É a vingança da estrela abortada: ela pode ter filhos. Essa foi a descoberta feita por astrônomos nos Estados Unidos e no México, que encontraram uma anã marrom que tem apenas 15 vezes a massa de Júpiter, o maior dos planetas do Sistema Solar, e ainda assim possui uma família de planetas em formação ao seu redor. “O interessante é que é a estrela menos maciça já observada que está nessas circunstâncias”, diz Giovanni Fazio, do Centro de Astrofísica Harvard-Smithsonian, em Cambridge, Massachusetts (EUA), um dos autores do estudo, apresentado anteontem numa conferência científica sobre planetas extra-solares realizada em Aspen, no Colorado. “E nós conseguimos ver isso com apenas 20 segundos de observação. Por isso, acreditamos que veremos astros ainda menores nessas mesmas condições no futuro”, afirmou.
Na realidade, o que Fazio e seus colegas enxergaram foi um disco de poeira ao redor de um objeto conhecido como OTS 44, uma anã marrom localizada a aproximadamente 500 anos-luz de distância da Terra, que a cada ano-luz equivale a cerca de 9,5 trilhões de quilômetros. É consenso entre os astrônomos, que tais discos de poeira são as estruturas que dão origem aos planetas logo após a formação da estrela em si. As anãs marrons são um tipo diferente de estrela. Muitas vezes definidas como estrelas abortadas — são astros que não conseguiram reunir massa suficiente para “acender”, ou seja, para iniciar o processo de fusão nuclear que alimenta a produção de energia dentro da estrela. Por essa razão, são objetos muito menores e mais frios do que seus parentes mais maciços, como o Sol.
Outros cientistas já haviam observado discos formadores de planetas ao redor de uma anã marrom, mas ela era bem maior que a OTS 44, com cerca de vinte e cinco a 30 vezes a massa de Júpiter.

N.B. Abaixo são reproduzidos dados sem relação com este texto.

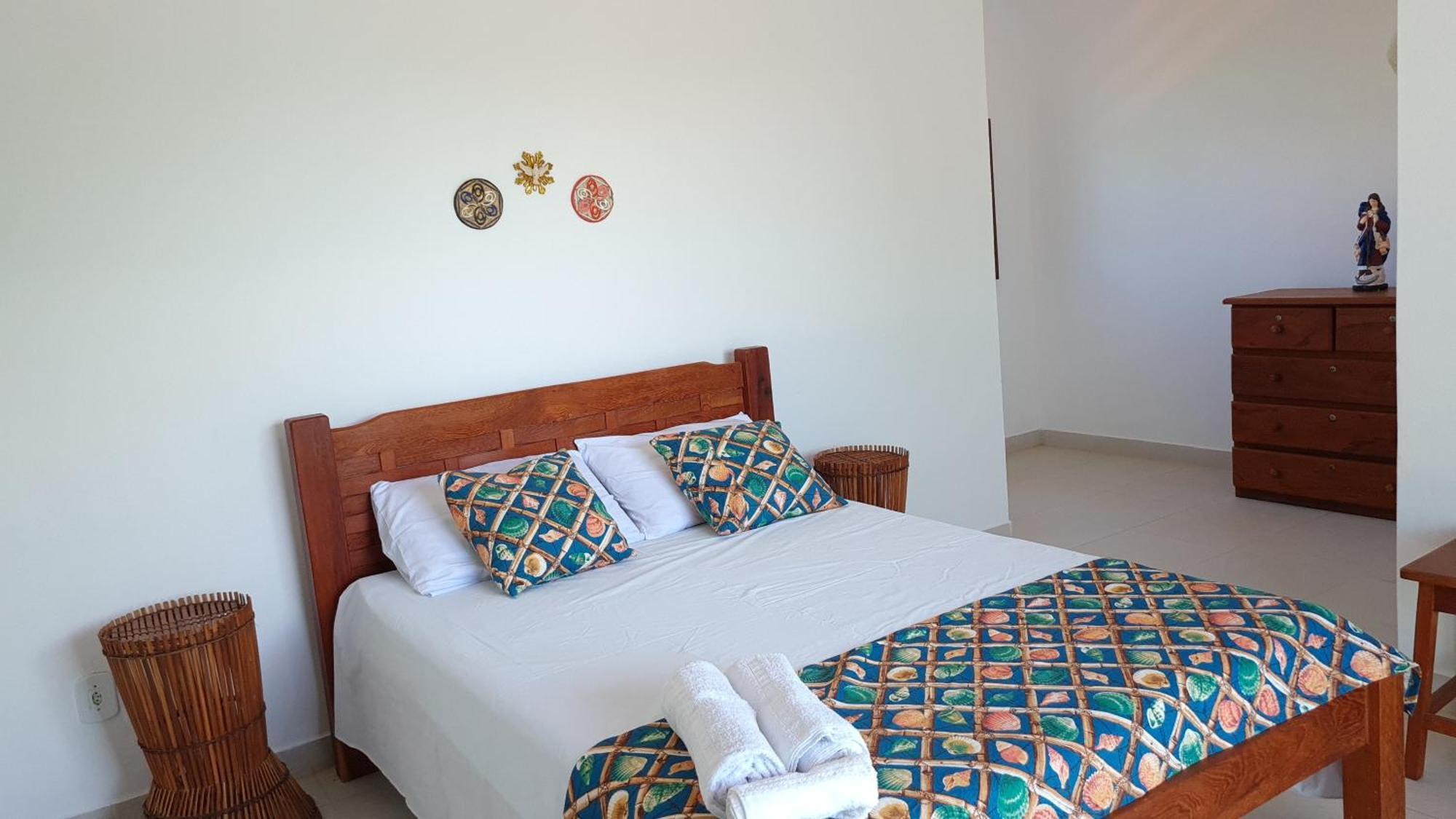Holiday home A Casa No Baixio - Baixio - Litoral Norte - Ba *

No caso da OTS 44, a temperatura superficial é de cerca de 2 mil °C. Quente para os padrões terrestres, mas fria em comparação com qualquer outro tipo de estrela. “Seu brilho é um milésimo do do Sol”, diz Fazio.

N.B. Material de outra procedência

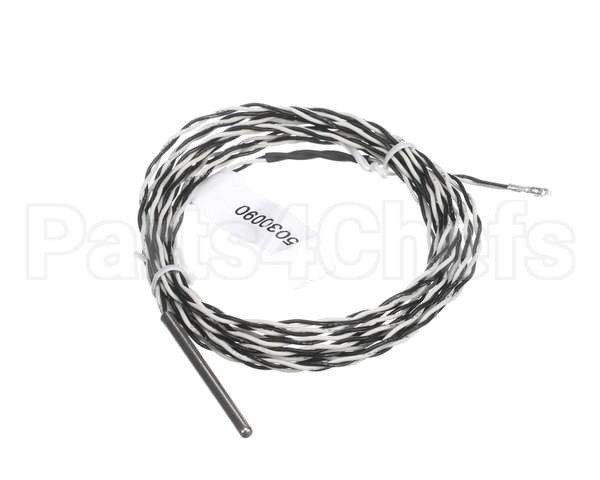 5030090 Alto Shaam 100 Ohm Sensor, 110" Wire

Por tudo isso, as anãs marrons ficam numa misteriosa zona cinzenta que separa as definições de estrela e planeta. Grande demais para ser um planeta, pequeno demais para ser uma estrela ativa e completa, são párias da comunidade cósmica. Agora sabe-se que ao menos seu direito de ter seus próprios planetas não foi cassado.
Minissistema
O disco observado pelos astrônomos teria massa suficiente para dar origem a um planeta gigante gasoso como Júpiter e mais um punhado de corpos telúricos, como a Terra ou Marte. Acredita-se que, em alguns poucos milhões de anos, OTS 44 tenha um sistema planetário até parecido com o nosso, mas em miniatura. As distâncias dos planetas até o corpo central seriam bem menores do que as que vemos por essas redondezas e o número de planetas seria menor que o do Sol. As observações foram feitas com o Telescópio Espacial Spitzer, instalação orbital da NASA especializada em detecção de sinais nas freqüências do infravermelho (luz invisível ao olho humano). Eles pretendem usar o mesmo instrumento para detectar sinais de planetas ao redor de outras anãs marrons ainda menores.

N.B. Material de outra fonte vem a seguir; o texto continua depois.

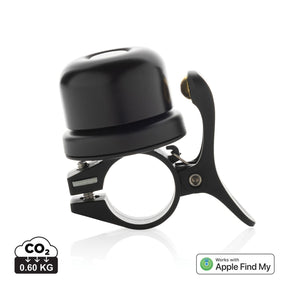 Pedalfinder Bike Bell With Worldwide Locating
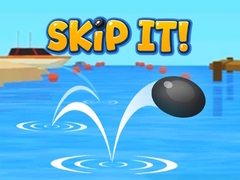 Lalao Skip It!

“O fato de que encontramos esse disco indica que pode haver muitos outros sistemas solares em miniatura ao redor de anãs marrons por aí. Eles podem até ser mais comuns que a nossa versão do Sistema Solar. Não sabemos”, afirma Fazio. As anãs marrons são difíceis de observar por conta de seu brilho extremamente fraco, mas os cientistas já perceberam que são objetos bastante comuns.
Vida?
Com essa potencial abundância de mundos associados a anãs marrons, a pergunta que fica no ar é: esses planetas poderiam ser habitáveis? “Essa é a pergunta que todo mundo se faz”, diz Fazio. “Talvez seja possível, se o planeta estiver orbitando bem perto da estrela. Caso contrário, será muito frio para que haja água em estado líquido na superfície, a condição tida como essencial para o surgimento e a manutenção da vida”, comentou. Os resultados da pesquisa de Fazio e seus colegas estão publicados na edição deste mês da revista científica norte-americana Astrophysical Journal.